Deodato, coordenador estadual do partido, não poderia ter sido mais direto:

– Rafael, leva essa nominata da nova Comissão Provisória de Osasco ao cartório eleitoral para registro. Preciso dessa providência hoje, sem falta.

– Não dá para mandar um funcionário?

– Não. Tem que ser o presidente municipal. É exigência do TSE.

Rafael, o jovem dirigente partidário, tinha trauma de enfrentar a prepotência e o desprezo de burocratas das repartições federais que se consideram patrões dos contribuintes que lhes pagam os salários.  Mas, como não havia alternativa, dirigiu-se à rua Padre Damásio, na esquina da Primitiva.
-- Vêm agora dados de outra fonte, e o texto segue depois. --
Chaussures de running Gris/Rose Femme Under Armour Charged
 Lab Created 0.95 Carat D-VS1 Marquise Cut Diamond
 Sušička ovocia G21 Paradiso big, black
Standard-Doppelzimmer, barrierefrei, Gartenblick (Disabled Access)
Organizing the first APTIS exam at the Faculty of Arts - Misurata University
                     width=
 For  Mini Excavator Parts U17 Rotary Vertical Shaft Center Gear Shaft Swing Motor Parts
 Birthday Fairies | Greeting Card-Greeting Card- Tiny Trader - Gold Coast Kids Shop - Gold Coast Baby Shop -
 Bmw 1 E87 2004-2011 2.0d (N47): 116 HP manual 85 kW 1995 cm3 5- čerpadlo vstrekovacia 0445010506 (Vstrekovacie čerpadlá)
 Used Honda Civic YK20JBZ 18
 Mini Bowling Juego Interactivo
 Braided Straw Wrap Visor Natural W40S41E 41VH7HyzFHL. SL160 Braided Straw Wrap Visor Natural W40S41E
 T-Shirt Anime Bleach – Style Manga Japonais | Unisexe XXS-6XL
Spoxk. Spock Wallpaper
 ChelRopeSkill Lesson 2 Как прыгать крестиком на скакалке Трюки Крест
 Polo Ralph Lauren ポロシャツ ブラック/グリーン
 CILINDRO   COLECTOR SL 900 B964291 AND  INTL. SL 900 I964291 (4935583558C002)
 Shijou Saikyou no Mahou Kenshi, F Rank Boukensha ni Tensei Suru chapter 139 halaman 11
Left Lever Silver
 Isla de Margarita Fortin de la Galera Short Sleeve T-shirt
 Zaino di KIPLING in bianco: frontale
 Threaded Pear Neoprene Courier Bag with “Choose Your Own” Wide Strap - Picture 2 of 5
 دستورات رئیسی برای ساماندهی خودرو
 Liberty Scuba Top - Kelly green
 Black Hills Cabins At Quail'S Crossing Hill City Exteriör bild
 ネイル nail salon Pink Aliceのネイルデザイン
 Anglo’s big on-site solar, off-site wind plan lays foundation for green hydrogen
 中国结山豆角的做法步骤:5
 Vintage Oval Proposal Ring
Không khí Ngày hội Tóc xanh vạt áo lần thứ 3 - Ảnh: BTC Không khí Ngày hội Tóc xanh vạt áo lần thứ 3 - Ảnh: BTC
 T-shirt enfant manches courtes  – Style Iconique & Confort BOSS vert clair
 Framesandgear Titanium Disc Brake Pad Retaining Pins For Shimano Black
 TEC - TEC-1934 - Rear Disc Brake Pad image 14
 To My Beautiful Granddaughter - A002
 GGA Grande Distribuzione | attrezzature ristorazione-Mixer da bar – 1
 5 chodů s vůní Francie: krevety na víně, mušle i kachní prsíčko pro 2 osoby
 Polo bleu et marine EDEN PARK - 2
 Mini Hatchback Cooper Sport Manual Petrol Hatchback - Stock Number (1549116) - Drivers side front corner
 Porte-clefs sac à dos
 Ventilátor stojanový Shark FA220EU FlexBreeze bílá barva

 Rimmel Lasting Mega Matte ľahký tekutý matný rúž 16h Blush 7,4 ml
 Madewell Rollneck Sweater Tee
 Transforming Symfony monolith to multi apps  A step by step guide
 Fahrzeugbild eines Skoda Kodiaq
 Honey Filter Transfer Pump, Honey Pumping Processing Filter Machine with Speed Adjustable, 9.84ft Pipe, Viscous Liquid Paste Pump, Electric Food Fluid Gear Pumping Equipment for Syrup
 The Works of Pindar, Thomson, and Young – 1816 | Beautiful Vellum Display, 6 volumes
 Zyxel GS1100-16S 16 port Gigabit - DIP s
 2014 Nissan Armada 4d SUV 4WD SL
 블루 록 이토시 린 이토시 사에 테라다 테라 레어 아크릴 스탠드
Chegou, tomou seu lugar  no fim da fila e, pacientemente, esperou sua vez.

– Bom dia. Eu sou o presidente da Comissão Provisória do meu partido e vim em busca da senha de acesso à Justiça Eleitoral.

Na sala, dois estagiários do CIEE e duas funcionárias:

A morena, idosa, levantou os olhos do teclado e deu a impressão de que não sabia o que responder. Sua colega, jovem, loira, arrogante, aproximou-se e disparou:

– Não é aqui.

– Aonde poderia ser, perguntou Rafael.

– Você já foi ao TRE?

– Não. Na verdade …

– Por quê não foi?

– Bem, senhora, é que me mandaram vir aqui…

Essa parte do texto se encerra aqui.